La Transprose - (MDRDLPB)


« Disons donc que [la prosodie,] c’est l’art d’adapter la modulation​ propre de la langue que l’on parle, aux différens sens qu’on y exprime. Ainsi elle comprend non seulement tout ce qui concerne le matériel des accens & de la quantité, mais encore celui des piés & de leurs différens mélanges, celui des mesures que les repos de la voix doivent marquer, &, ce qui est bien plus précieux, l’usage qu’il faut en faire selon l’occurrence, pour établir une juste harmonie entre les signes & les choses […]


Colombe des Forêts



Donner la liberté au vers, c'est à peu près la même chose que donner la liberté à la nation russe. Tous les deux sont nés, et sont arrivés à leur forme actuelle sous des lois tyranniques. La liberté signifiera pour eux peut-être la renaissance mais peut-être aussi : la dissolution.

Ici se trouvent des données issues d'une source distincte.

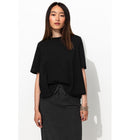 T-shirt Uni Évasé Femme - Noir Uni Fonce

Rosalie Jacobsen - Enquête internationale sur le vers libre - F.T. Marinetti



« Toute innovation passe par trois stades: d’abord elle est ridiculisée; ensuite elle est violemment combattue ; et finalement , elle est considérée comme ayant toujours été évidente. » Arthur Scopenhauer (1788 - 1860)


« D’abord ils vous ignorent, ensuite ils se moquent de vous, puis ils vous combattent, et puis… vous gagnez. » 

Gandhi (1869 - 1948)


Ici vous trouverez les interventions des chercheurs du MDRSLP (Mouvement De Recherches Sur La Page) qui vont de la plus ancienne (en haut) jusqu'à la plus récente (en bas)



Nous sommes plusieurs à Lpb (Matthieu Lorin, moi, Air, Patrick, Sandrine, Maheva ) à aimer la présentation que nous appelons présentation en « Transprose » - le terme a été inventé en juin 2022 par Patrick Modolo .


  La forme « vers libre » est un procédé qui a eu sa valeur au moment de sa présentation - mais pas du tout un siècle après…



La transprose est une mise en prose des vers qui respecte les vers originaux mais les dispose en lignes sur la page de façon aérée (ou pas : simple prose) plutôt que de façon traditionnelle en barreaux d'échelle.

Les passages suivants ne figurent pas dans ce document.